Tahukah Anda ada berapa jenis pinjaman modal usaha yang tersedia untuk usaha Anda?

Ketika Anda ingin memulai bisnis, besar atau kecilnya, Anda membutuhkan modal tentunya. Bank atau lembaga keuangan terkait menyediakan berbagai jenis pinjaman modal usaha

Jika Anda sudah memiliki tabungan dan modal usaha yang cukup, Anda bisa memulainya. Namun, jika tidak cukup, Anda bisa mengajukan pinjaman ke bank.

Hanya saja, tanpa rencana bisnis yang baik, sulit bagi seorang pemula untuk mendapatkan pinjaman.

Ada juga pinjaman untuk usaha yang sudah beroperasi dan berpotensi untuk maju, dan cenderung disetujui.

JENIS PINJAMAN MODAL USAHA

jenis pinjaman modal usaha

Apakah Anda baru memulai bisnis atau ingin mengembangkan bisnis Anda yang sudah ada, inilah yang perlu Anda ketahui tentang berbagai jenis pinjaman pendanaan bisnis.

Jadi, Anda bisa menentukan pinjaman mana yang tepat untuk bisnis Anda. Bisnis dengan ukuran tertentu lebih cocok untuk jenis pinjaman pendanaan bisnis tertentu.

Di luar itu, Anda perlu mengetahui skema pembayaran dan bunga yang dibebankan bank kepada Anda. Bisakah Anda membayar cicilan bulanan?

Di bawah ini adalah beberapa jenis pinjaman uang bisnis yang terkenal.

1. Kredit Usaha Rakyat (KUR)
KUR atau Kredit Komersial Rakyat adalah skema pinjaman modal usaha yang ditawarkan oleh pemerintah kepada usaha mikro, kecil dan menengah (UMKM).

Karena KUR adalah skema pemerintah, pinjaman ini disediakan oleh Himbara atau Himpunan Bank Negara. KUR dapat memberikan plafon pinjaman hingga Rp100 juta. Suku bunga juga cenderung rendah.

2. Pinjaman Tanpa Agunan (KTA)
Jenis pinjaman ini merupakan produk pinjaman yang memberikan fasilitas kredit tanpa mengharuskan nasabah untuk menjaminkan asetnya.

Bank membuat keputusan pinjaman berdasarkan riwayat kredit Anda.

Misalnya, Anda menggunakan kartu kredit di bank tempat Anda mengajukan KTA. Bank akan sering menyetujui pengajuan pinjaman KTA Anda jika riwayat pembayaran tagihan kartu kredit Anda baik.

KTA sebenarnya bisa digunakan untuk keperluan lain selain modal usaha. Pinjaman ini juga dapat digunakan untuk konsumsi.

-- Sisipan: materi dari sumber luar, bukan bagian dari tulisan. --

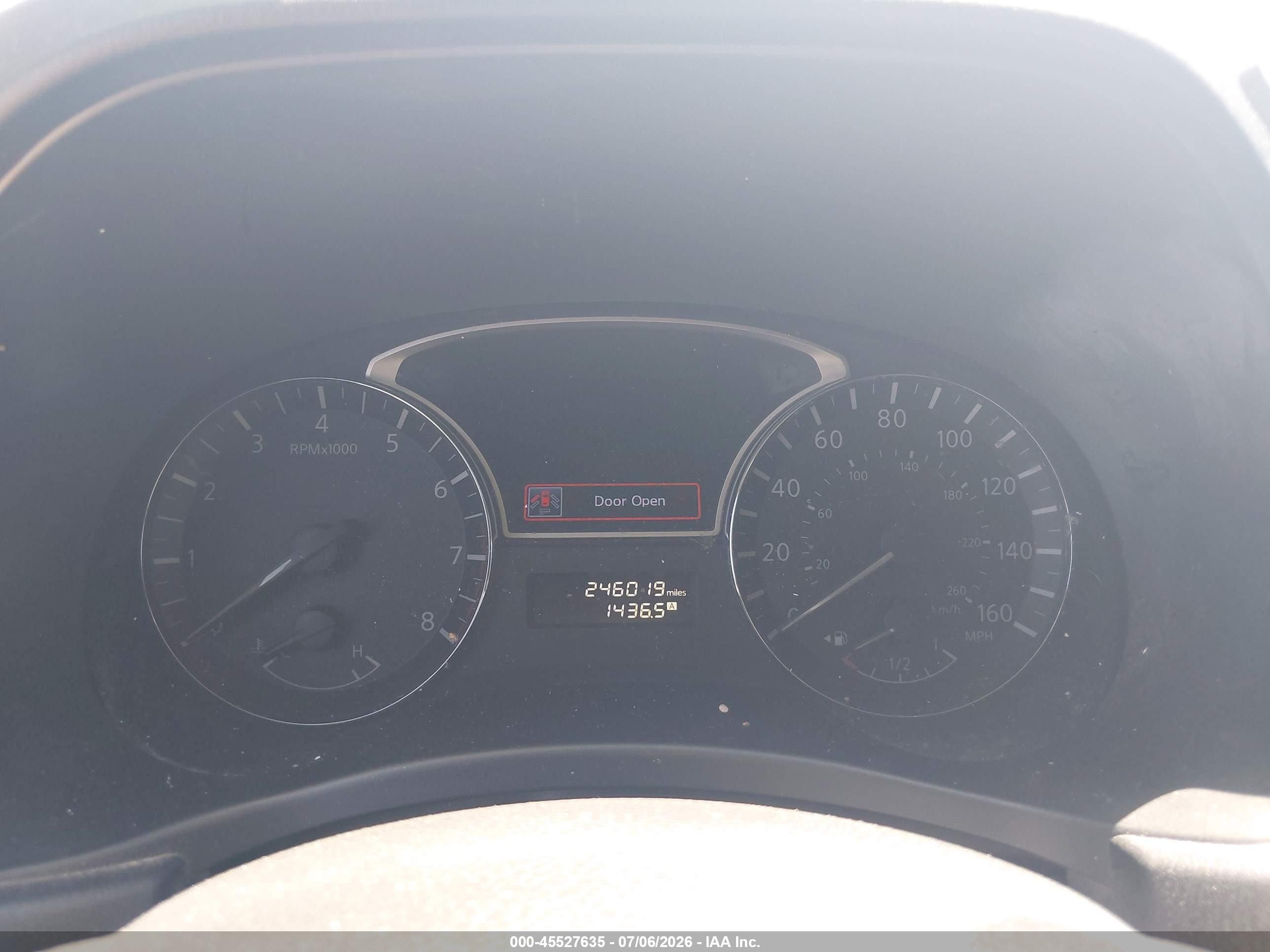 2015 Nissan Pathfinder S Brown vin: 5N1AR2MN6FC606305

Batas KTA berkisar dari Rp 200 juta hingga Rp 300 juta. Tingkat bunga bisa sangat tinggi, tetapi tergantung pada peraturan masing-masing bank.

3. Kredit investasi
Jenis pinjaman modal usaha ini merupakan fasilitas kredit yang digunakan untuk membiayai proyek baru atau ekspansi perusahaan. Jangka waktu kredit ini tergolong menengah hingga jangka panjang.

Karena kredit investasi dapat diberikan dalam jangka waktu yang lama, maka batas atasnya bisa berkisar dari ratusan juta hingga puluhan miliar. Jangka waktunya bisa berkisar antara 10 hingga 20 tahun.

4. Pinjaman koperasi
Koperasi adalah organisasi di bidang ekonomi yang anggotanya beroperasi untuk kebaikan bersama.

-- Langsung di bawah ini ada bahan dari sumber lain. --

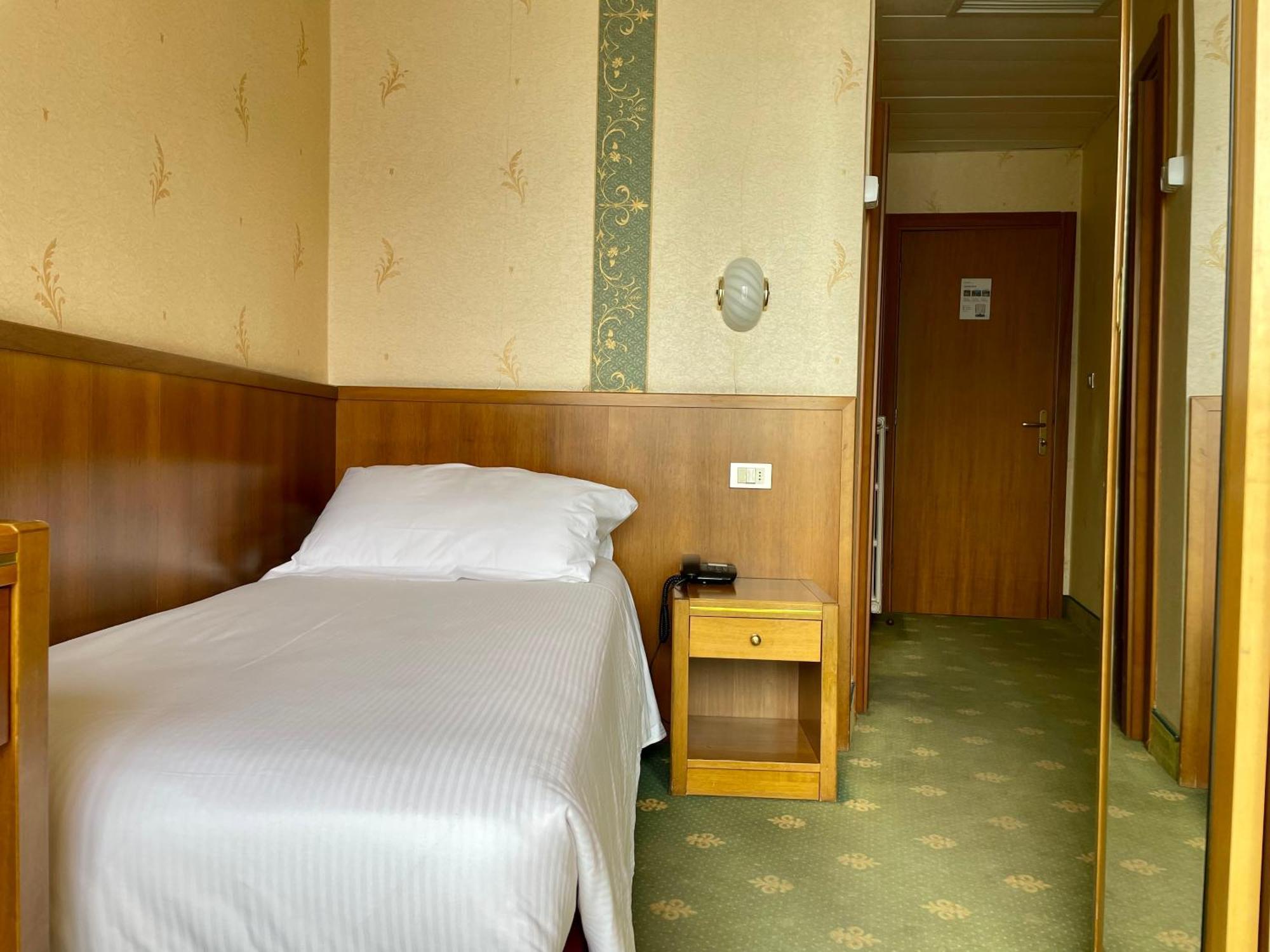 לימונה סול גרדה Hotel Splendid Palace חדר תמונה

Selain menjalankan usaha yang saling menguntungkan, koperasi juga melakukan kegiatan simpan pinjam.

Jika Anda adalah anggota koperasi, Anda bisa mendapatkan pinjaman. Pastikan aplikasi pinjaman sudah beres dan Anda mengikuti aturan sebagai anggota koperasi.

5. Pinjaman P2P
Peer-to-peer lending, atau P2P lending, merupakan bentuk pinjaman yang secara langsung menghubungkan pemilik modal individu dengan pihak yang membutuhkan dana pinjaman.

P2P lending menghilangkan peran lembaga keuangan seperti bank. Anda juga bisa mendapatkan pinjaman uang melalui platform pinjaman P2P.

Asalkan Anda bisa meyakinkan pemilik modal bahwa bisnis Anda memiliki peluang besar untuk berkembang. Sebagai alternatif pinjaman P2P, Anda dapat memulai crowdfunding bisnis Anda.

6. Modal ventura
Anda bisa mendapatkan jenis pendanaan ini dari perusahaan modal ventura. Ini adalah entitas operasi yang membiayai atau berpartisipasi dalam perusahaan dalam jangka waktu tertentu.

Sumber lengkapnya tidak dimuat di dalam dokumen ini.